## WHAT YOU NEED TO DO
Return, exactly and with nothing added, the line with "Example of a" together with all lines after it through the end of the data below. No pictures belong in the copy.

(Records contained in a dataset)
■ ■ ■ ■
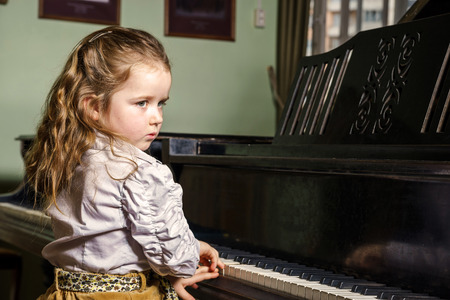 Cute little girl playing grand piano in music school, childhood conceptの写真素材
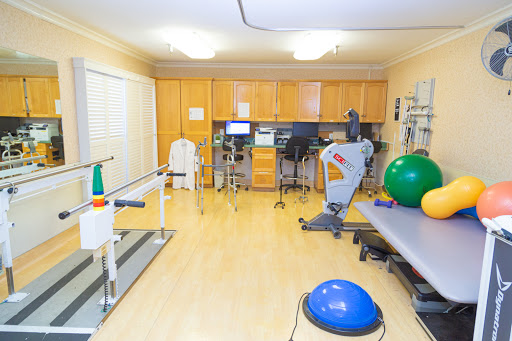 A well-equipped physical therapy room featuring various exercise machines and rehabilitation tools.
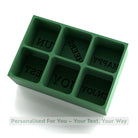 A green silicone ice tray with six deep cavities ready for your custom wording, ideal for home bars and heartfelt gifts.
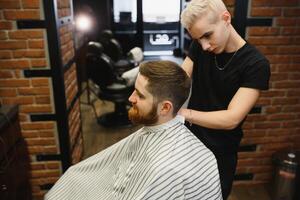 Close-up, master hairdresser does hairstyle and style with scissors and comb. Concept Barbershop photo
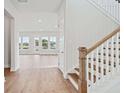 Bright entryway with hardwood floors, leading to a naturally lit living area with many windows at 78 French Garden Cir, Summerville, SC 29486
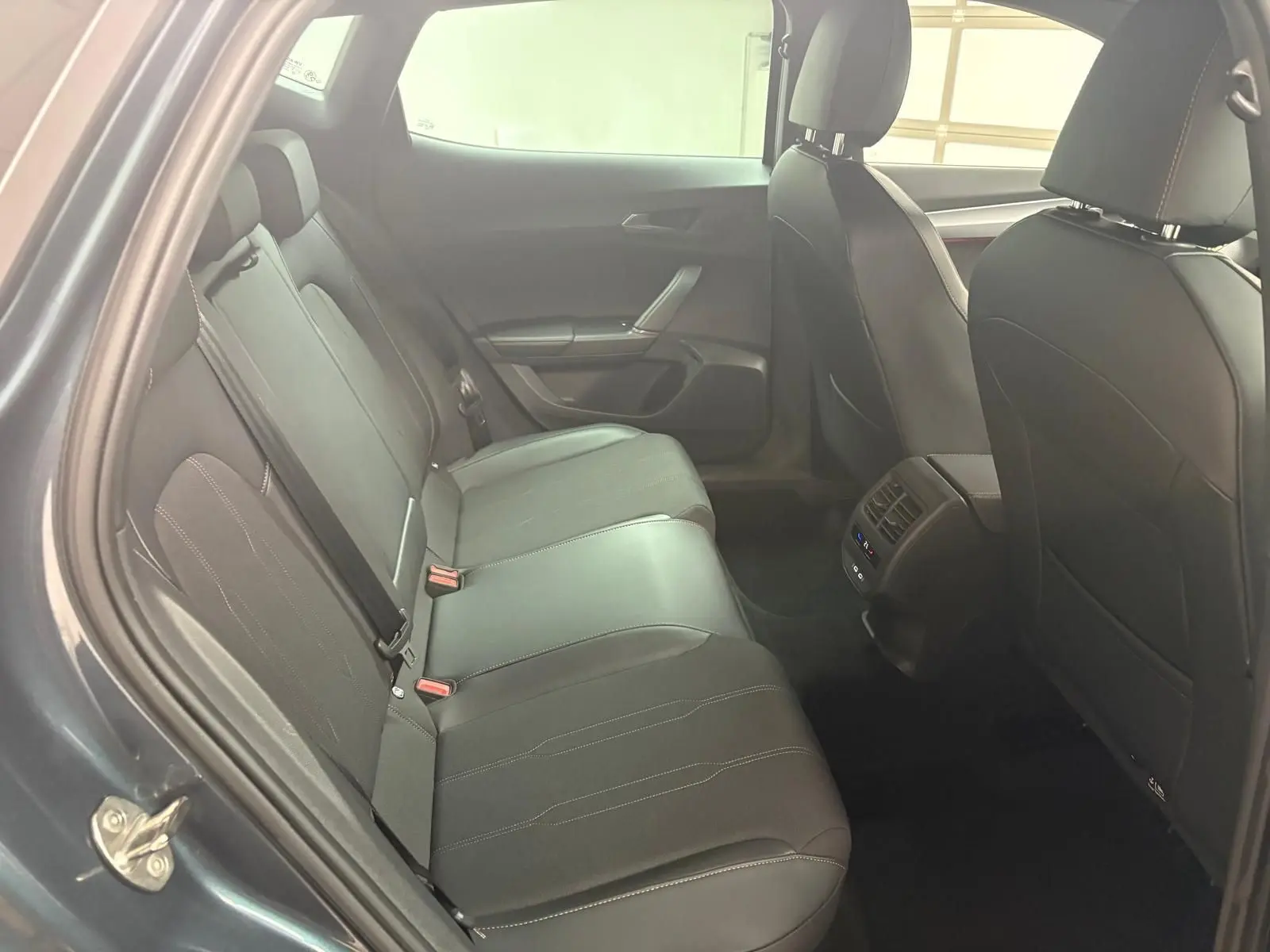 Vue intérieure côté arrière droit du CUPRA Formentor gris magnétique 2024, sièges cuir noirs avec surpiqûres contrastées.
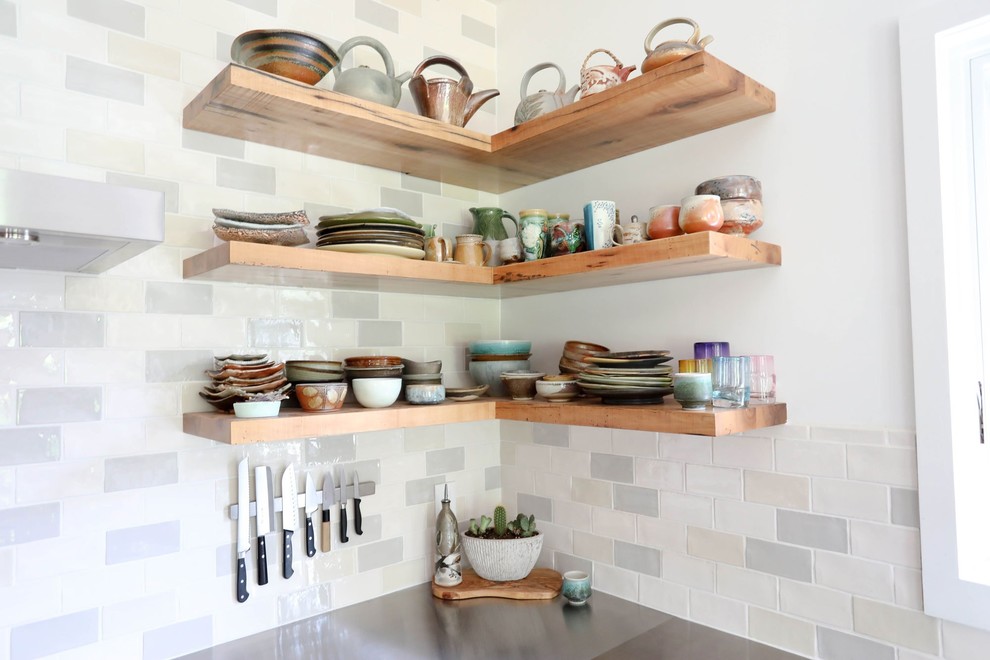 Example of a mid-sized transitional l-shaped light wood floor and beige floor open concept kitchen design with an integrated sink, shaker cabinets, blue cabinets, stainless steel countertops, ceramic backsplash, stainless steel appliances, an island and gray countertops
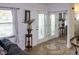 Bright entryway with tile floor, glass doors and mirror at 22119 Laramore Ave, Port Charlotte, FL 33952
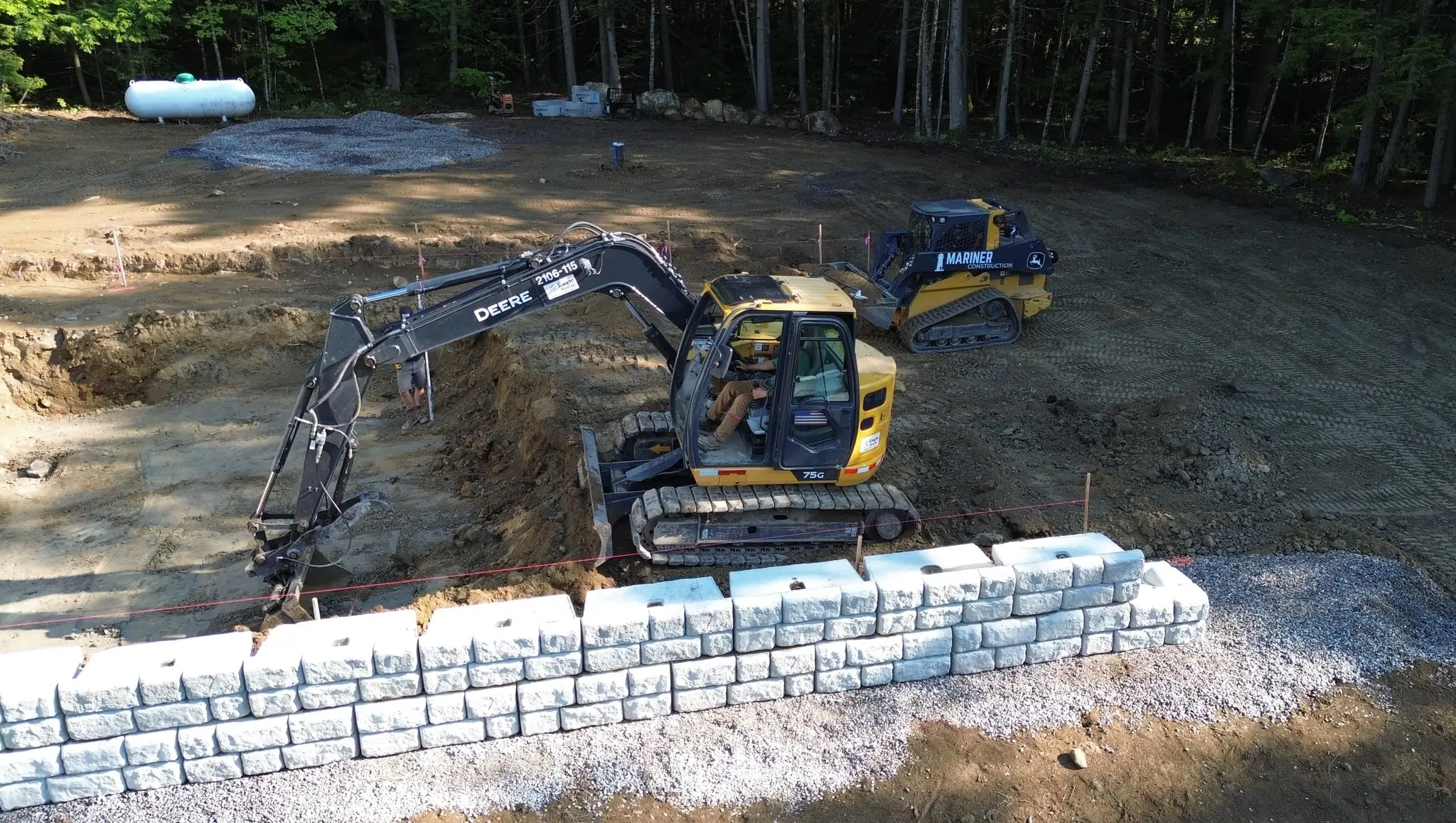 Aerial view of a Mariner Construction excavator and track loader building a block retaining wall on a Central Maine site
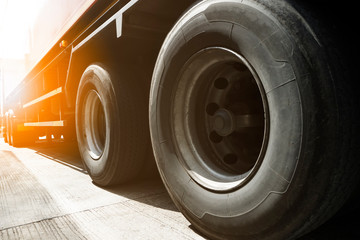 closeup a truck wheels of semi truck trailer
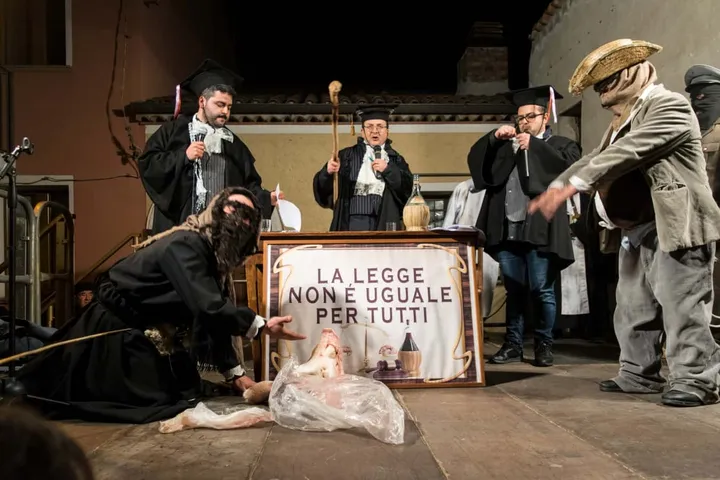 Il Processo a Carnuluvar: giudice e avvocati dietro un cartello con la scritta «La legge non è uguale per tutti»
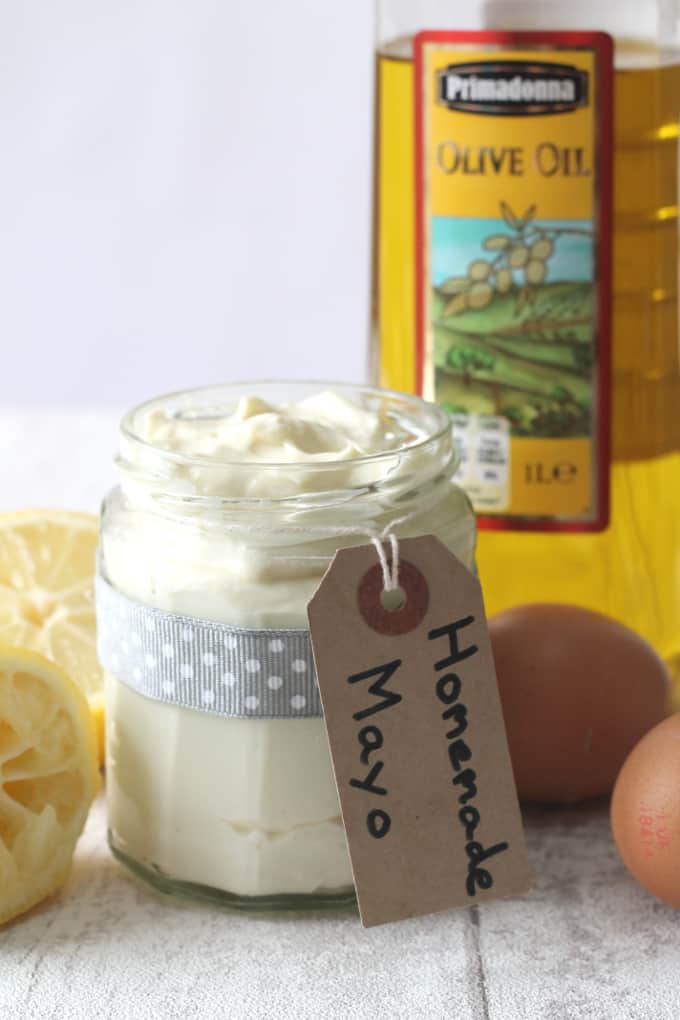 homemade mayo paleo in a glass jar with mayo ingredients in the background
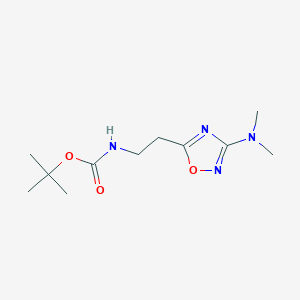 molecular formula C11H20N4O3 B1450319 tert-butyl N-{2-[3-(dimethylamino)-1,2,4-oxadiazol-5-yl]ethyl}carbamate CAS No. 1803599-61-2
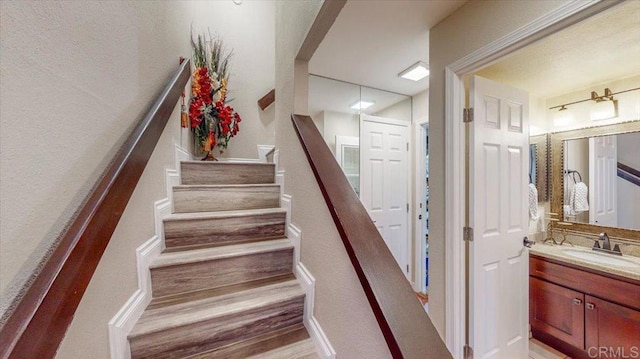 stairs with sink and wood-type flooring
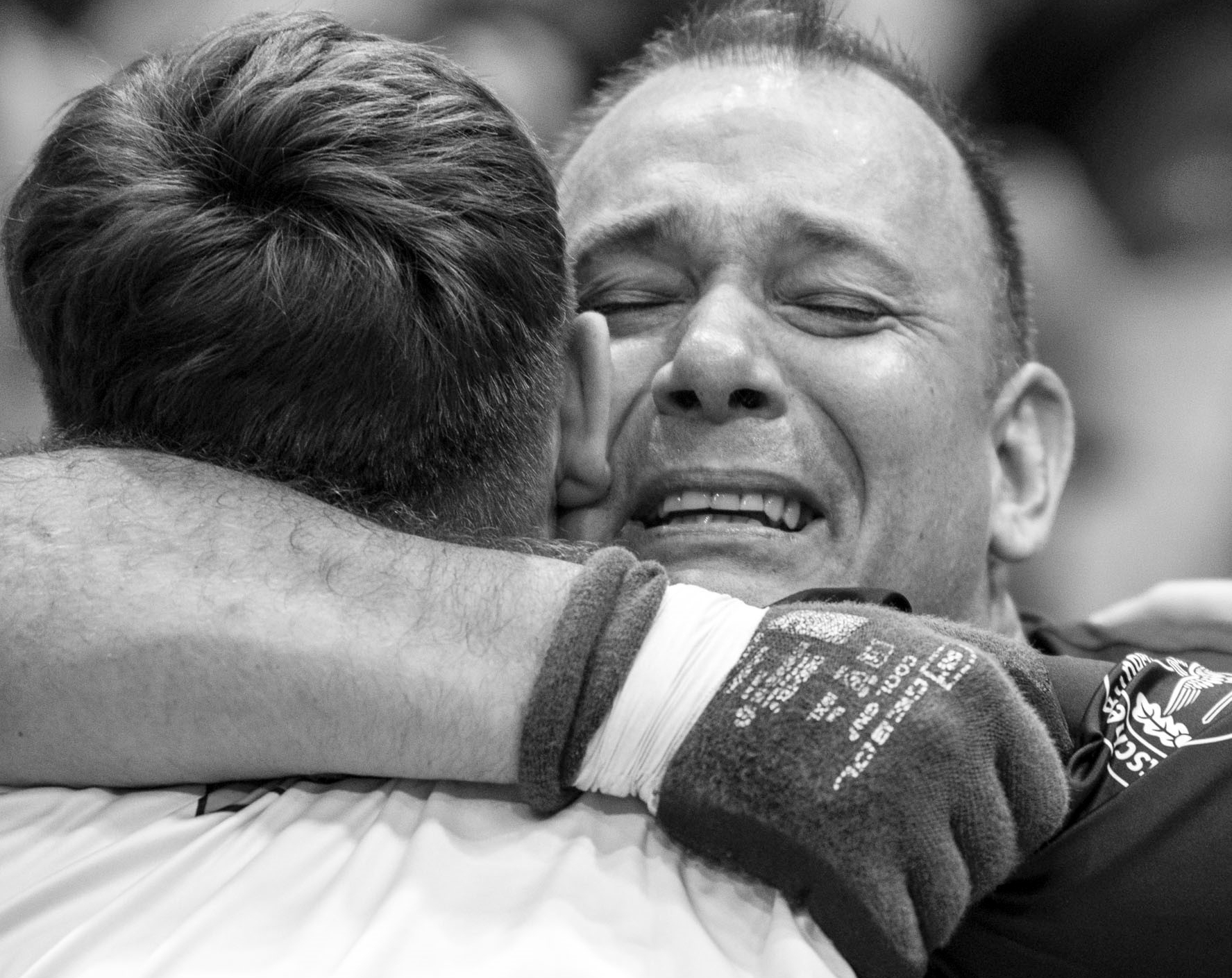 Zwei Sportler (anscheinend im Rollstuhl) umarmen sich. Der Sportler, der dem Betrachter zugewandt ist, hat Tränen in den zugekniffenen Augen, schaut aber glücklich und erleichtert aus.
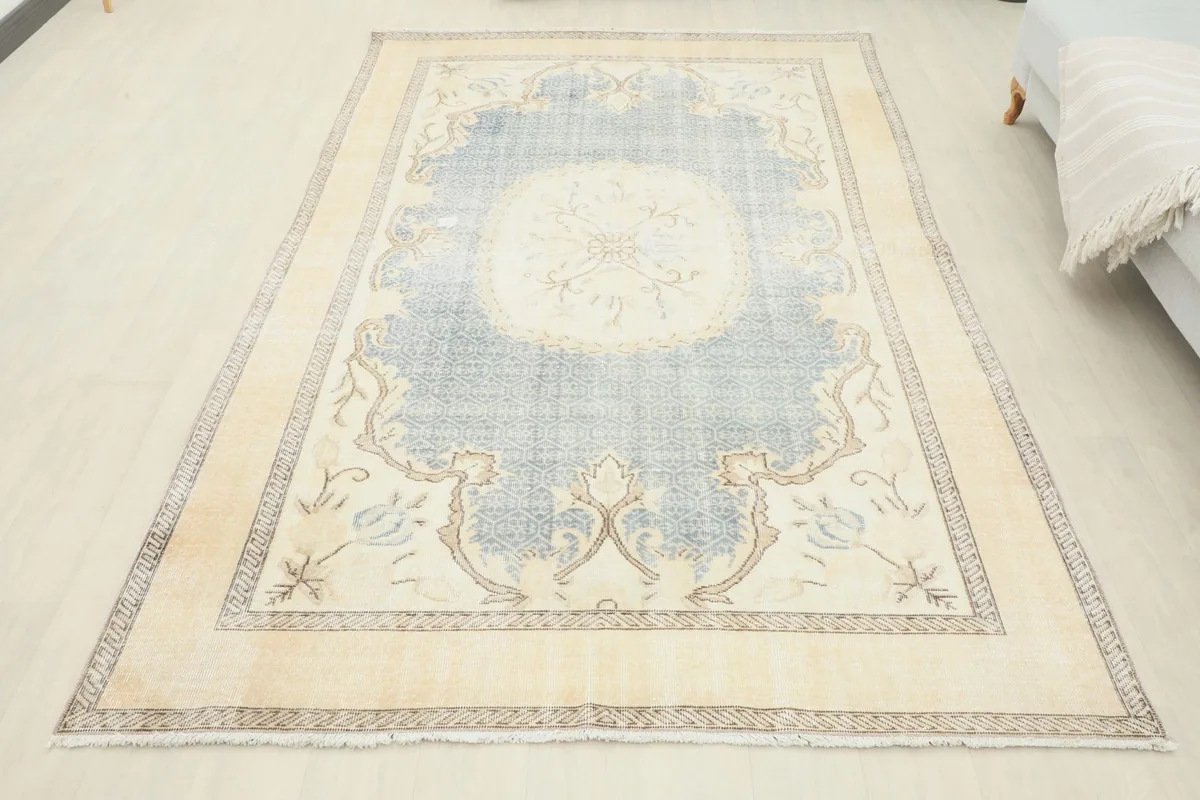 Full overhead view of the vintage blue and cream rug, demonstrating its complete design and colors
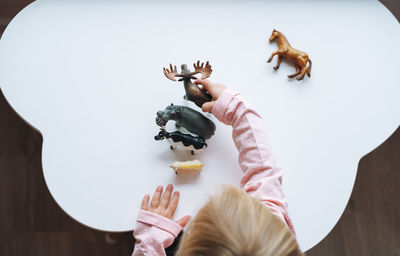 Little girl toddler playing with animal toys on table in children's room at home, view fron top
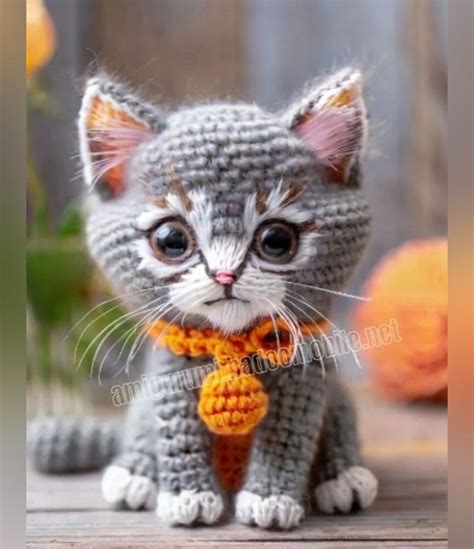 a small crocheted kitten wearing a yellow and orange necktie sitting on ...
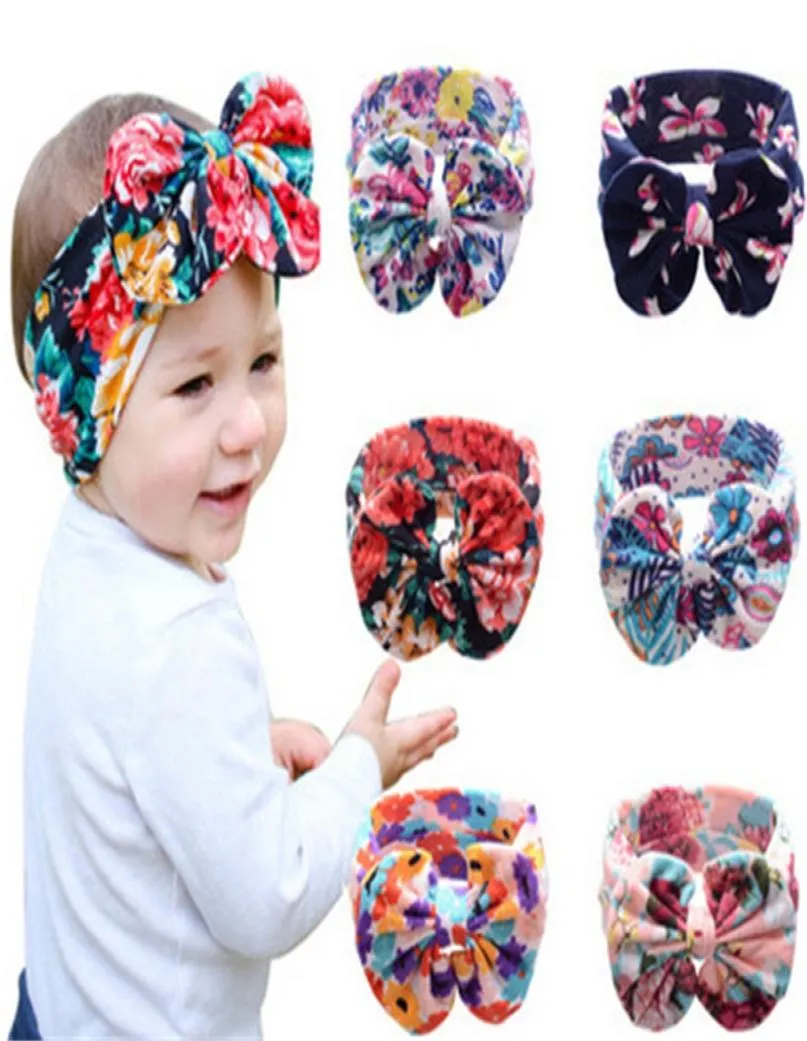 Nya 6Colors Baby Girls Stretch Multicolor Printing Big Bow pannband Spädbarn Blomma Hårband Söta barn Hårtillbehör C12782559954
■ ■ ■ ■
## ANSWER TO THIS TASK
 Example of a mid-sized transitional l-shaped light wood floor and beige floor open concept kitchen design with an integrated sink, shaker cabinets, blue cabinets, stainless steel countertops, ceramic backsplash, stainless steel appliances, an island and gray countertops
 Bright entryway with tile floor, glass doors and mirror at 22119 Laramore Ave, Port Charlotte, FL 33952
 Aerial view of a Mariner Construction excavator and track loader building a block retaining wall on a Central Maine site
 closeup a truck wheels of semi truck trailer
 Il Processo a Carnuluvar: giudice e avvocati dietro un cartello con la scritta «La legge non è uguale per tutti»
 homemade mayo paleo in a glass jar with mayo ingredients in the background
 molecular formula C11H20N4O3 B1450319 tert-butyl N-{2-[3-(dimethylamino)-1,2,4-oxadiazol-5-yl]ethyl}carbamate CAS No. 1803599-61-2
 stairs with sink and wood-type flooring
 Zwei Sportler (anscheinend im Rollstuhl) umarmen sich. Der Sportler, der dem Betrachter zugewandt ist, hat Tränen in den zugekniffenen Augen, schaut aber glücklich und erleichtert aus.
 Full overhead view of the vintage blue and cream rug, demonstrating its complete design and colors
 Little girl toddler playing with animal toys on table in children's room at home, view fron top
 a small crocheted kitten wearing a yellow and orange necktie sitting on ...
 Nya 6Colors Baby Girls Stretch Multicolor Printing Big Bow pannband Spädbarn Blomma Hårband Söta barn Hårtillbehör C12782559954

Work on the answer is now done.